:: What is needed ::
Retype the records below from their first line through the line holding "Jesse Barrera - Love In Technicolor album", including both ends and no pictures.

[Brief descriptive captions]
[Start of Attachment]

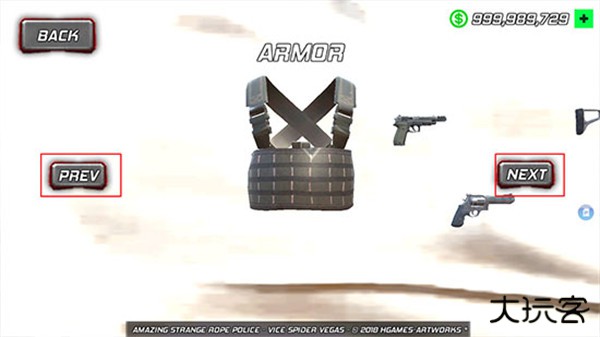 不可思议的蜘蛛英雄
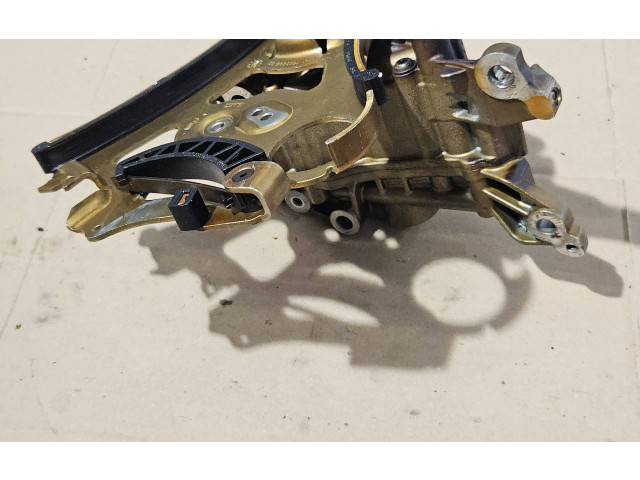 Čerpadlo oleje 7573748, 910598   BMW 3 E90 E91   N52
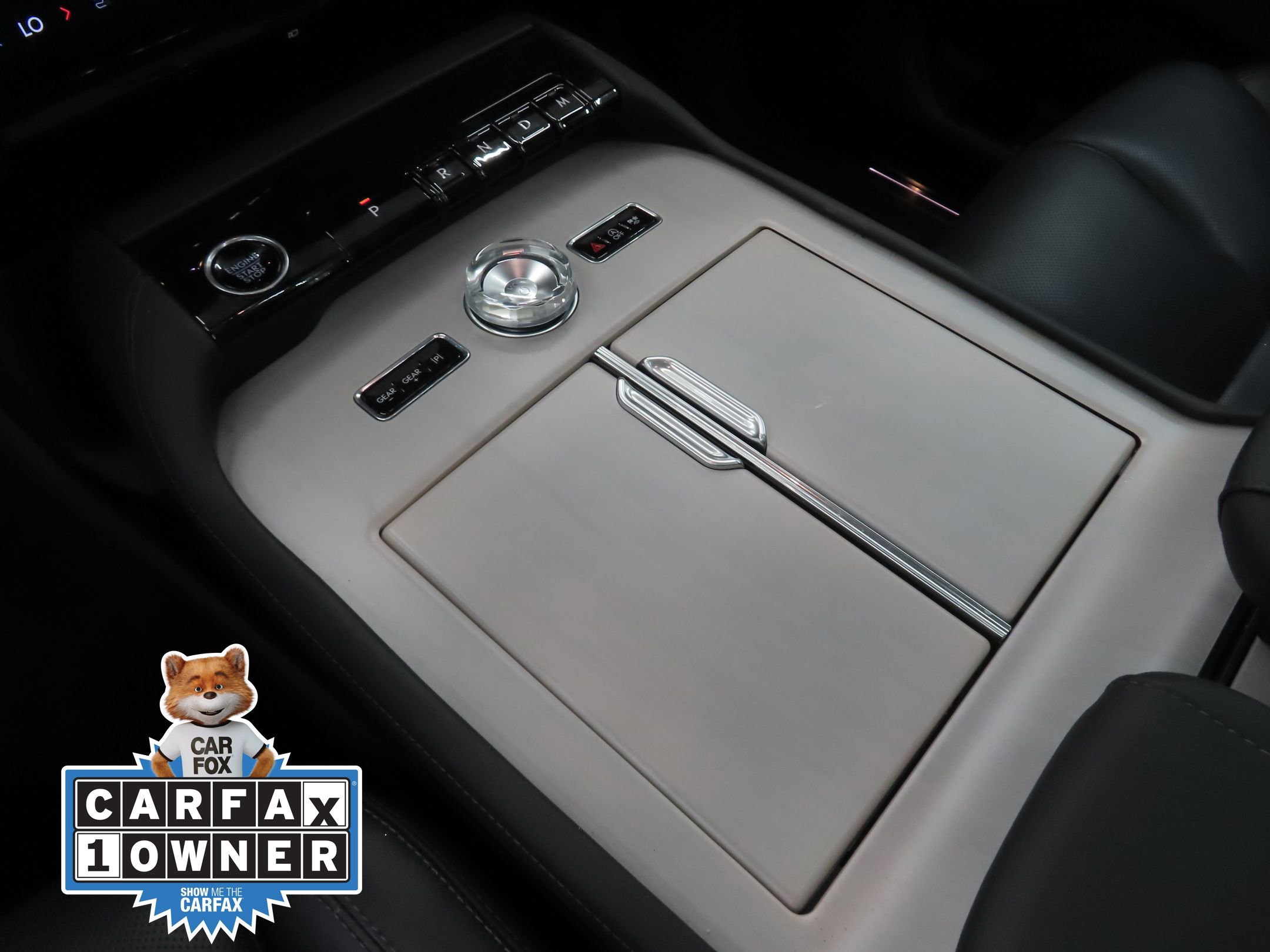 Used 2025 Lincoln Navigator Reserve image 17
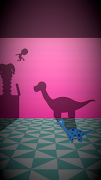 Shadow Runner 3D screenshot 1
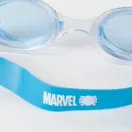 Omul Păianjen Jump set prosop și ochelari de înot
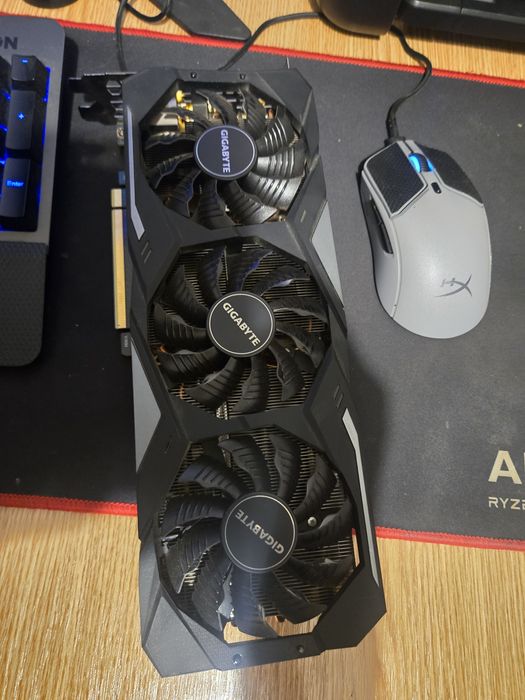 Gigabyte 2080 Super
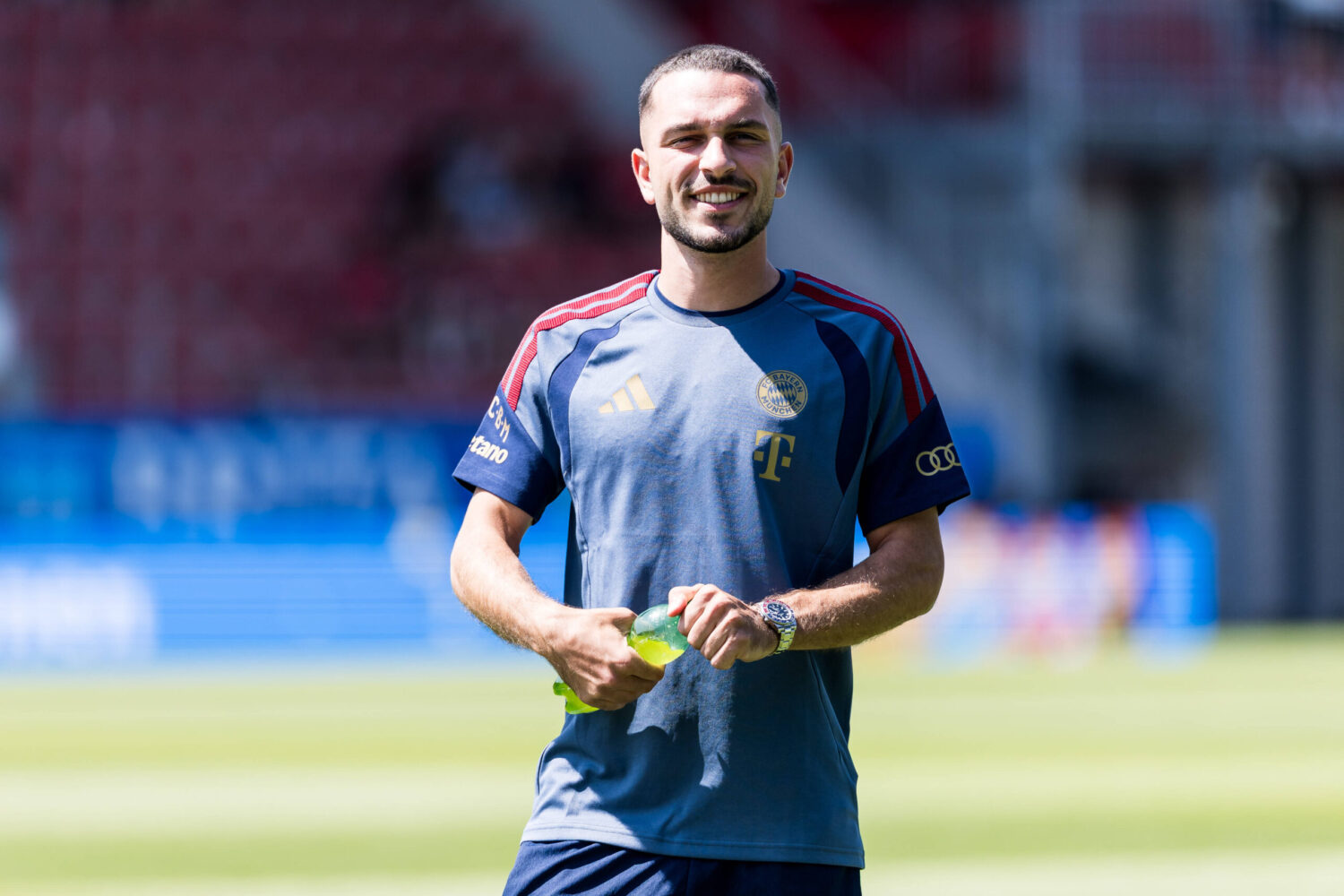 Arijon Ibrahimovic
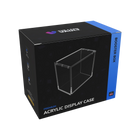 The Card Vault Premium Acrylic Case - Pokemon Booster Box (English)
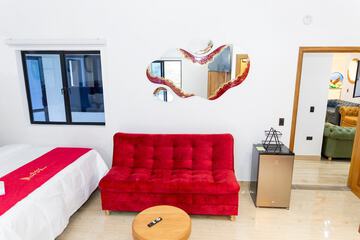 Minibar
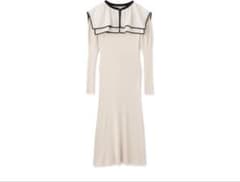 JILL by JILL STUART ワンピース　ホワイトのサムネイル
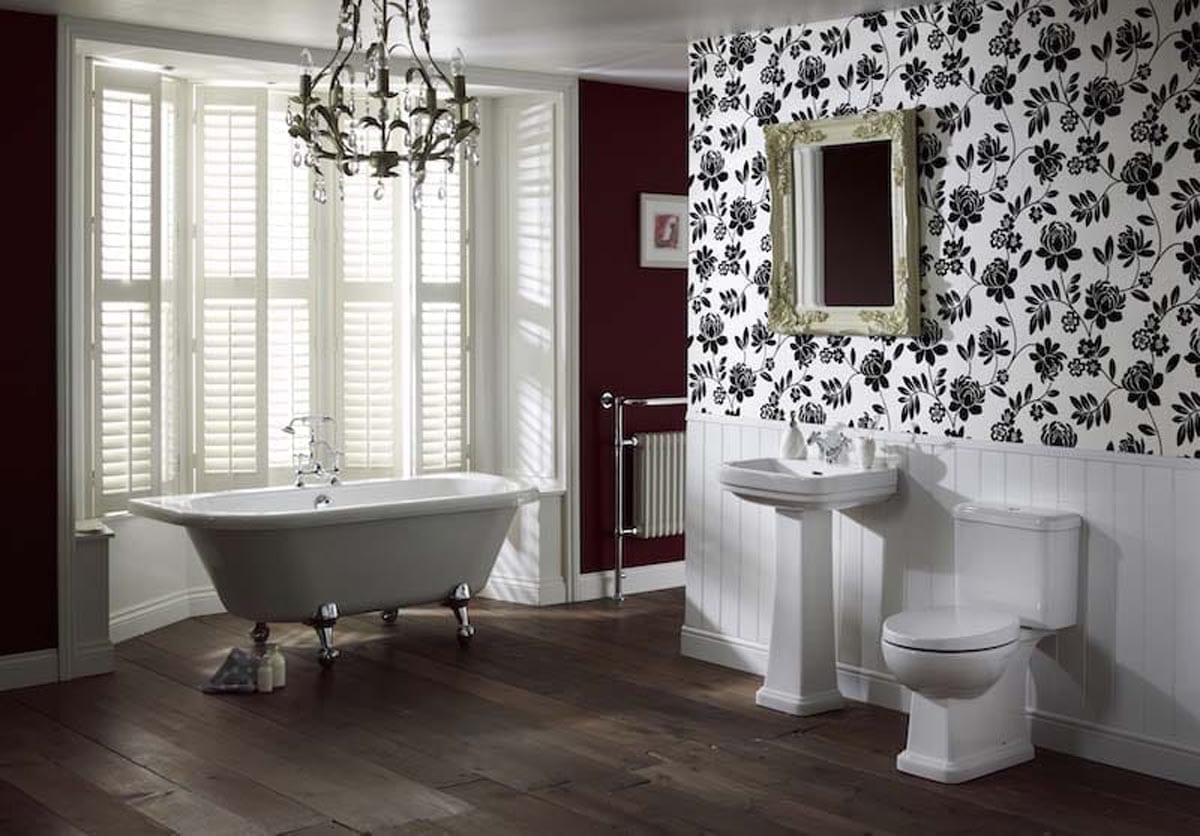 Bathroom Installation Cost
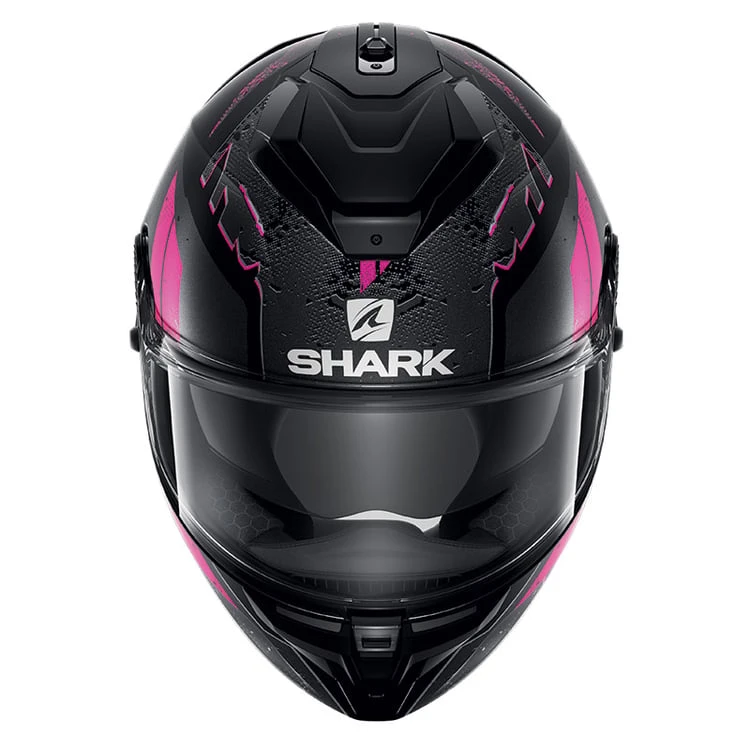 Shark Spartan GT Ryser Helmet 5 Shark Spartan GT Ryser Helmet - Image 5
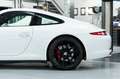 Porsche 991 I 911 Carrera 4s I PDLS I Bose I Top Zustand Weiß - thumbnail 8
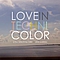 Jesse Barrera - Love In Technicolor album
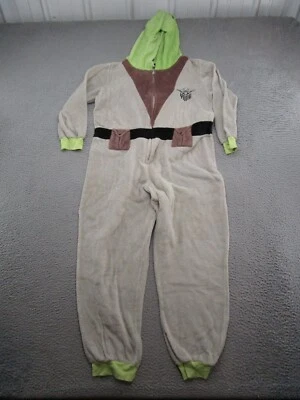 Star Wars Pijama Una Pieza Mujer Ropa de Dormir Talla L Disfraz Halloween Foto 1 de 4
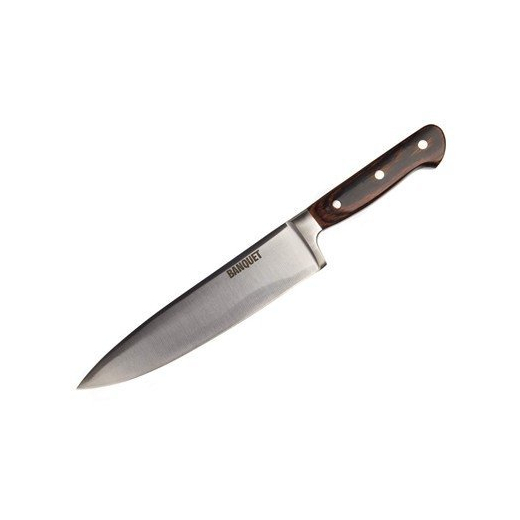 Kuchařský nůž Savoy 33,5cm TCE 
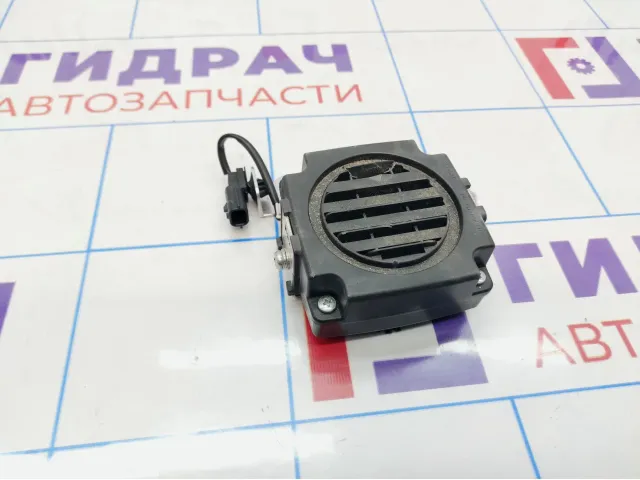 Сирена сигнализации (штатной) Nissan Almera (G15) 281H1-4CM0A.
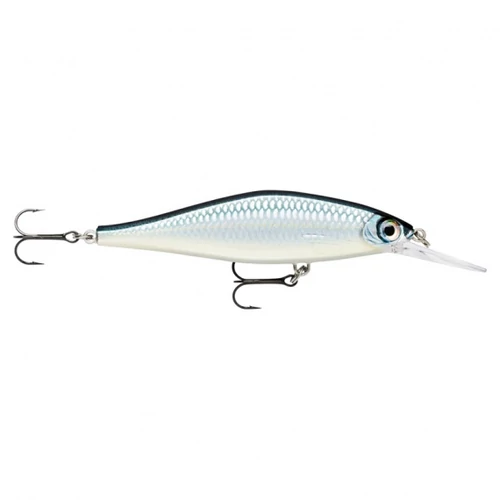 RAPALA SHADOW RAP SHAD DP SDRS09 BAP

[End of Attachment]

:: Solved problem ::
 不可思议的蜘蛛英雄
 Čerpadlo oleje 7573748, 910598   BMW 3 E90 E91   N52
 Used 2025 Lincoln Navigator Reserve image 17
 Shadow Runner 3D screenshot 1
 Omul Păianjen Jump set prosop și ochelari de înot
 Gigabyte 2080 Super
 Arijon Ibrahimovic
 The Card Vault Premium Acrylic Case - Pokemon Booster Box (English)
 Minibar
 JILL by JILL STUART ワンピース　ホワイトのサムネイル
 Bathroom Installation Cost
 Shark Spartan GT Ryser Helmet 5 Shark Spartan GT Ryser Helmet - Image 5
 Porsche 991 I 911 Carrera 4s I PDLS I Bose I Top Zustand Weiß - thumbnail 8
 Jesse Barrera - Love In Technicolor album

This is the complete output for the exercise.